Kids were small. Yeah. It's like, no, you're not coming in here. We don't, none of ours even have, the house is so old, none of ours even have locks that work anymore. But man, I would be locking them.

Because little kids, they definitely treat that. Oh, they'll just come right in. That's coming in all the time. Yep. Yeah.

Mine are to the point now where they won't just barge in on you unless it's like, hey, I have to get this thing. This is an emergency. So the point of this gripe vine is, I don't know, I want to say something spiritual about it, but like Adam and Eve in the Garden of Eden. There you go.
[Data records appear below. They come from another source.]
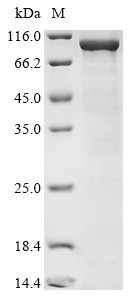 DNA polymerase theta (POLQ), partial, human, recombinant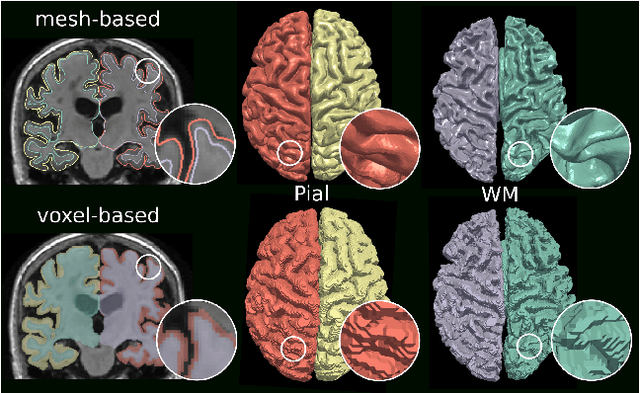 Figure 1 for Vox2Cortex: Fast Explicit Reconstruction of Cortical Surfaces from 3D MRI Scans with Geometric Deep Neural Networks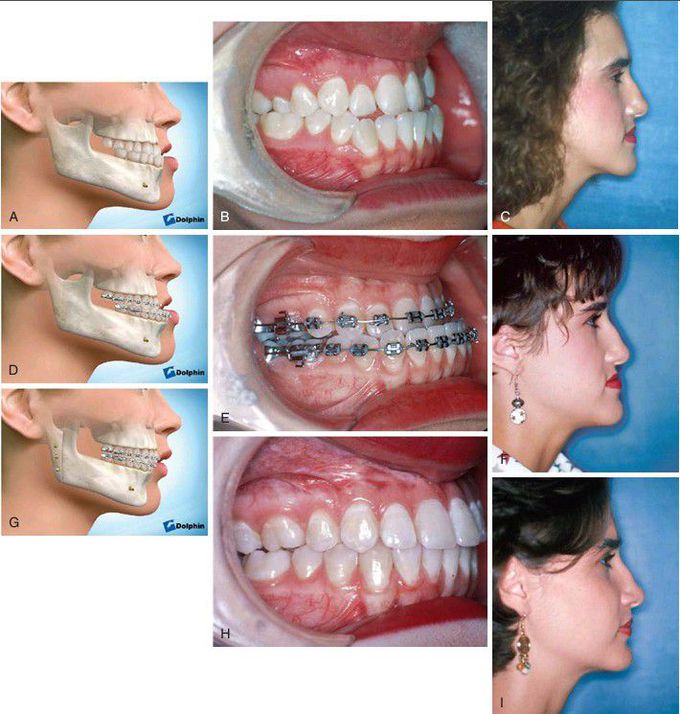 Class III malocclusion treatment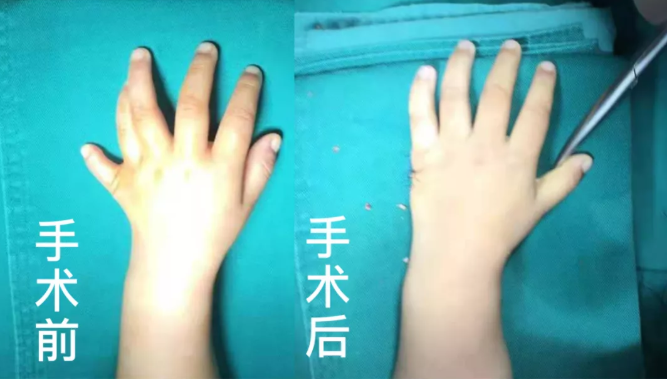 【保山安利醫(yī)院】2歲小兒手、足多指（趾）成功修復(fù)(矯正）！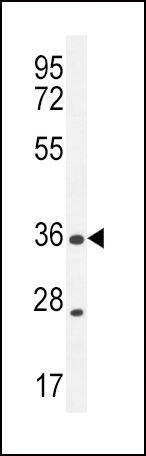 XCR1 antibody - C - terminal region (OAAB08286) in MDA-MB435 using Western Blot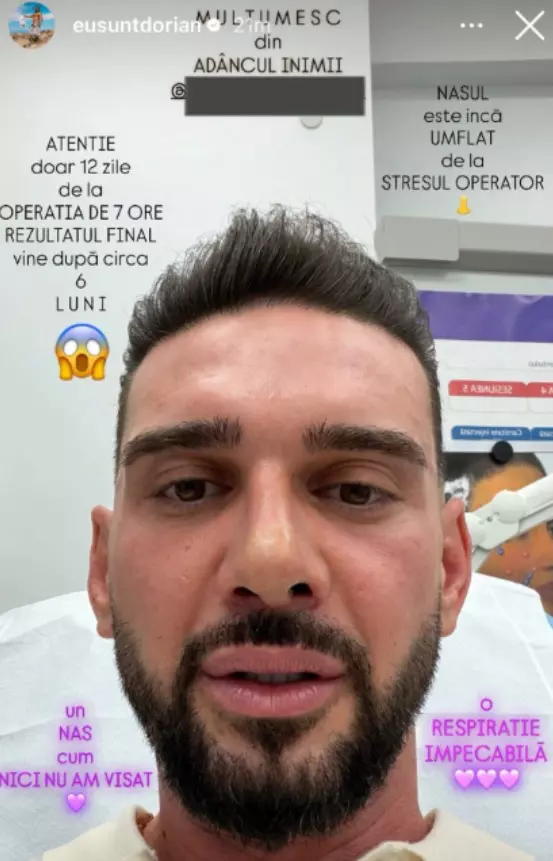 dorian popa dupa operatia la nas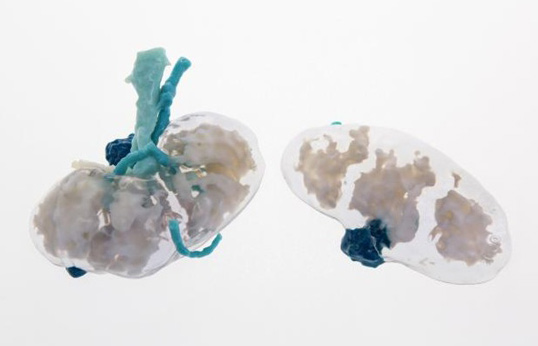 Modely orgánů s rakovinou vyrobené 3D tiskem zachraňují životy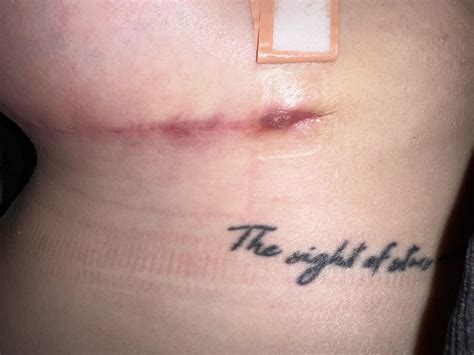 Struggling to remove spitting stitch? : r/Reduction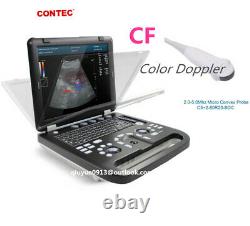 Color Doppler Ultrasound Scanner Cardiac Diagnostic Machine Micro Convex Probe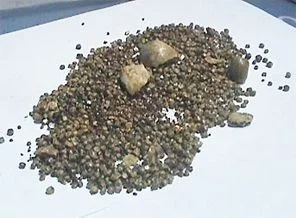 Safra kesesinden 476 taş çıkarıldı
That's what she's trying to get back to. There you go. Yeah. But there's people around.

There's other people. That's right. I definitely felt ashamed. I felt ashamed. Maybe the theme is there's going to be some forgiveness needed. There you go. I'm working towards it. I'm working towards it.

Of course. Well guys, we're going to take a quick break and then be right back with more of our Cleary Today show. But if you want to check in with us, make sure you write in to us at 252-582-5028. We're going to read your check-in live on the air, and Dr. Shah will be happy to give you some daily encouragement.

Don't go anywhere. We're going to take a quick break and be right back with more Cleary Today. Hi, I'm Dr. Abidan Shah, lead pastor at Cleary Church and host of the Cleary Today show. Every day we bring you bold biblical truth to help you navigate life with clarity and confidence.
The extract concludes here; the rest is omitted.